Услышав это, я разозлилась. Я терпеть не могла, когда она говорила подобные вещи. Все мы знали, что Анджелина не пойдет в школу. Если она в ближайшие годы не начнет говорить, ей просто не позволят учиться.

Но вместо того, чтобы спорить, я лишь холодно пожала плечами.

— Как ты и сказала, ей всего четыре, — ответила я на англезе.

— Тогда иди отсюда, а не то опоздаешь. И не забудь: после школы — не домой, а сюда. Ты должна нам помогать. — Она сказала так, словно это было чем-то необычным, хотя я работала после школы каждый день. — Да, и пусть с тобой идет Арон. В городе слишком много новых людей, и мне спокойнее, если вы будете вместе.

Я запихнула учебники в старую сумку и присела перед Анджелиной, молча игравшей со своей куклой. Поцеловав ее в щеку, я тайком вложила в ее липкую ладошку конфету.

— Не говори маме, — шепнула я ей на ухо и почувствовала, как ее волосы щекочут мне кончик носа, — или у меня больше не получится таскать их для тебя. Хорошо?

Сестра кивнула, доверчиво глядя на меня прозрачными голубыми глазами, но ничего не ответила. Она никогда не говорила.

Перед самым выходом меня остановила мать.

— Чарлина, ты не забыла паспорт?

Вопрос был лишним, но она задавала его каждый раз, когда я куда-нибудь уходила.

Дернув висевший на шее кожаный ремешок, я продемонстрировала удостоверение личности, спрятанное под рубашку. Теплое пластиковое покрытие было знакомо мне так же хорошо, как собственная кожа.

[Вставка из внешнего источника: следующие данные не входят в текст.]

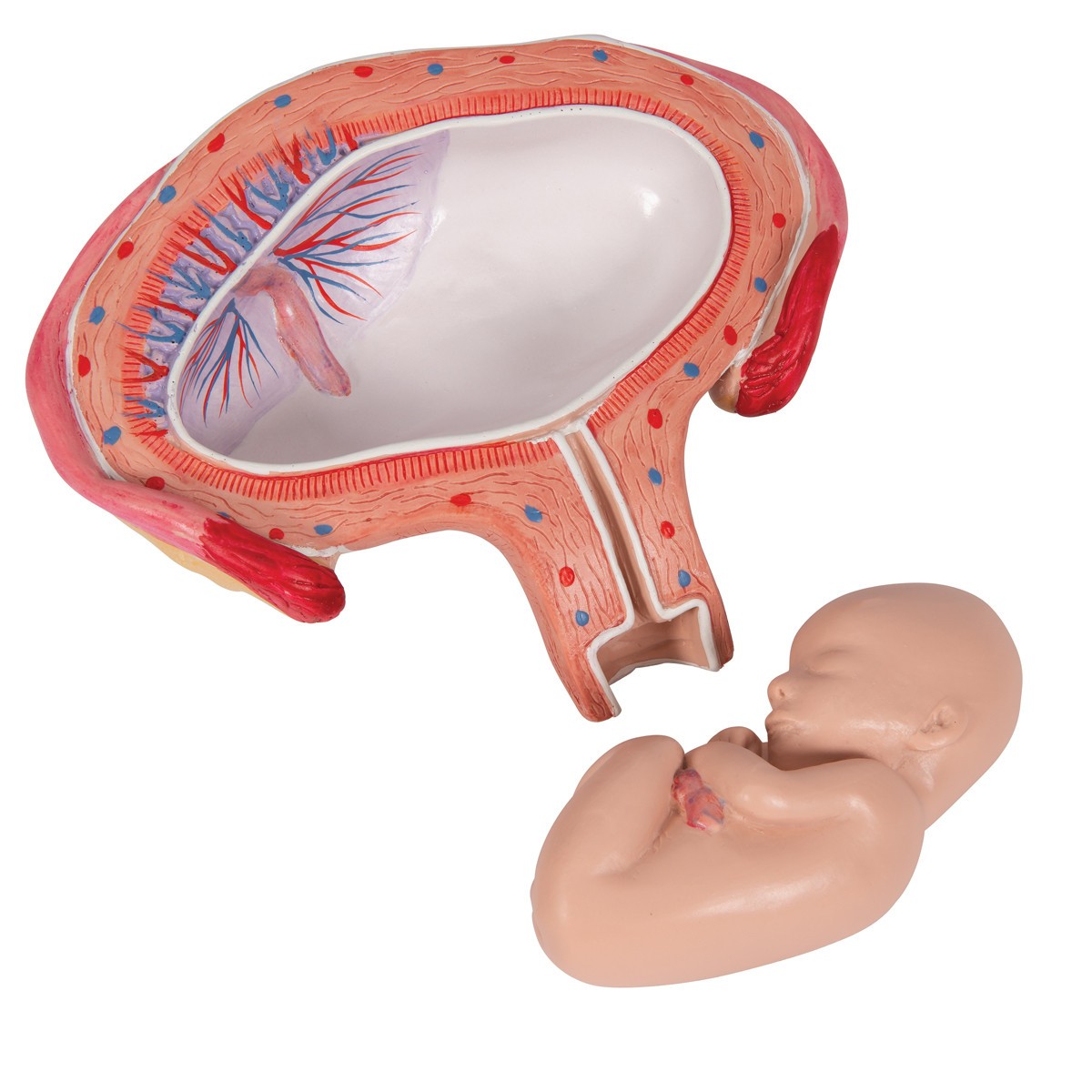 4th Month Fetus Anatomy Model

Я подмигнула Анджелине, еще раз напомнив, что у нас есть общий секрет, и поспешила из ресторана на заполненные людьми улицы.

Проходя мимо магазина напротив, я помахала Арону, давая знать, что он должен встретить меня на нашем обычном месте — небольшой площади по другую сторону рынка.

Я протискивалась сквозь толпу, невольно вспоминая времена, еще до угрозы новой революции, когда город не был таким многолюдным, а на рынке, среди запахов копченого мяса, кожи, мыла и масла, велась обычная торговля. Эти ароматы разносились и сейчас, но теперь к ним примешивался запах немытых тел и отчаяния, поскольку рынок превратился в убежище для изгнанников, несчастных из класса слуг, которых выгнали из дому, когда торговые пути перерезали силы повстанцев. Когда те, кому они служили, больше не могли держать их.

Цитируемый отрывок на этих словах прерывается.